> Materials provided:
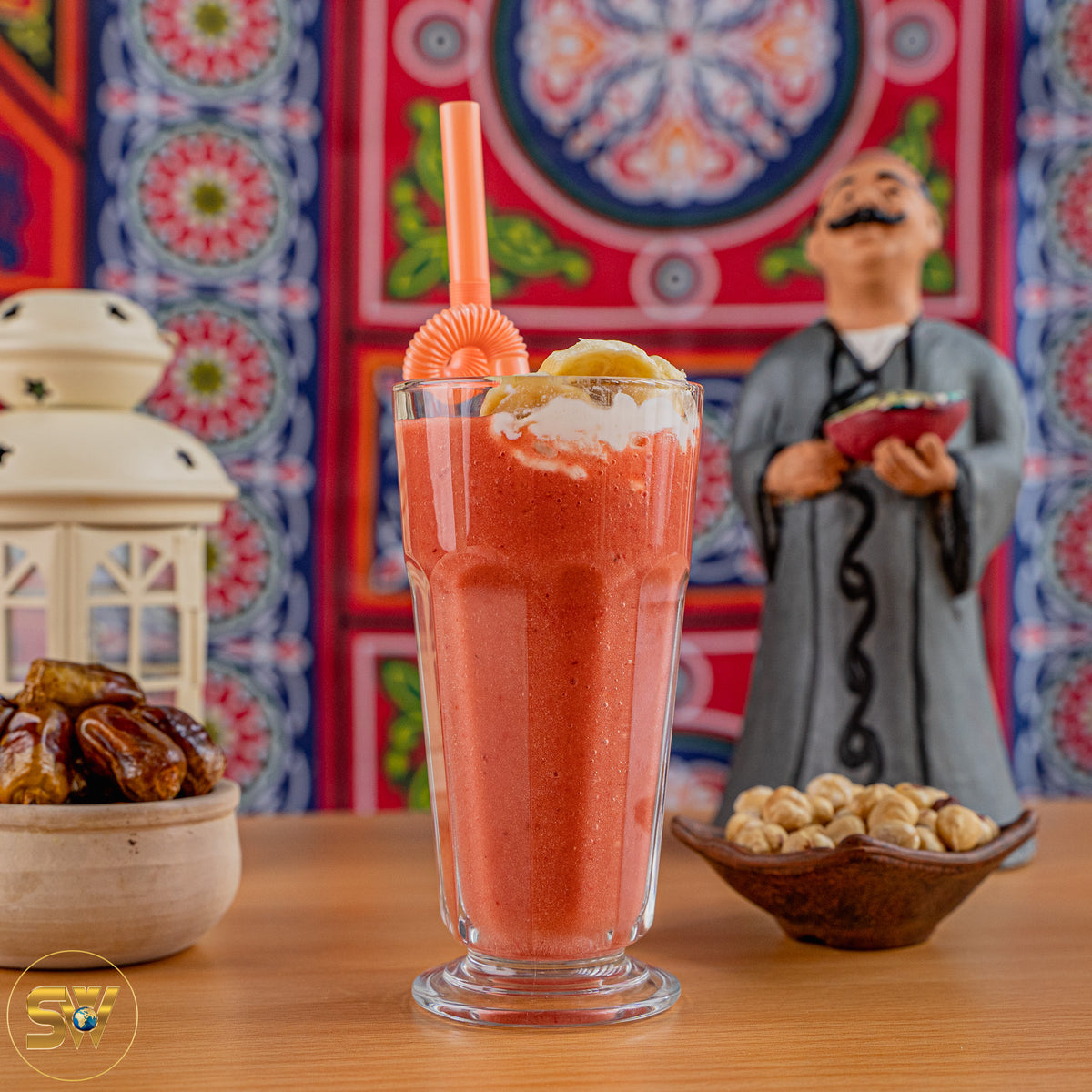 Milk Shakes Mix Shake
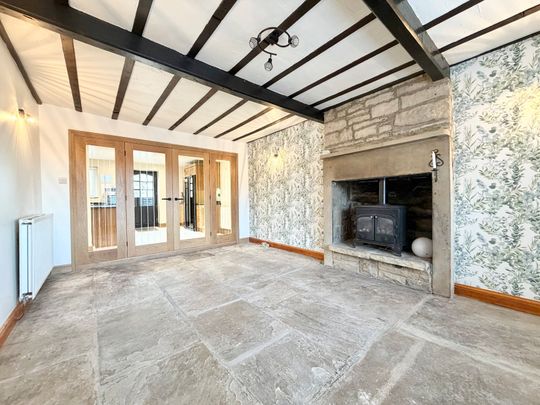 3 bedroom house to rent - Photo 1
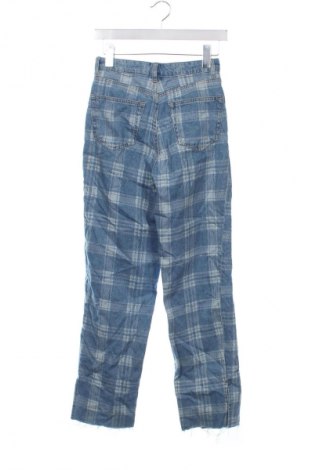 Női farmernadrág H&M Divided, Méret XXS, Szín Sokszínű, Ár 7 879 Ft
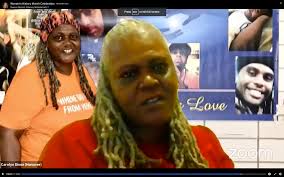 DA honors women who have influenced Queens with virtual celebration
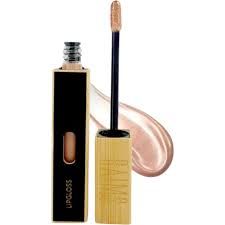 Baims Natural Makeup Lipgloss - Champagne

> How to complete this task:
Set down the line containing "3 bedroom house to rent - Photo 1" and every line after it up to the end of the material, exactly as written, but not the pictures.

> Answer space:
 3 bedroom house to rent - Photo 1
 Női farmernadrág H&M Divided, Méret XXS, Szín Sokszínű, Ár 7 879 Ft
 DA honors women who have influenced Queens with virtual celebration
 Baims Natural Makeup Lipgloss - Champagne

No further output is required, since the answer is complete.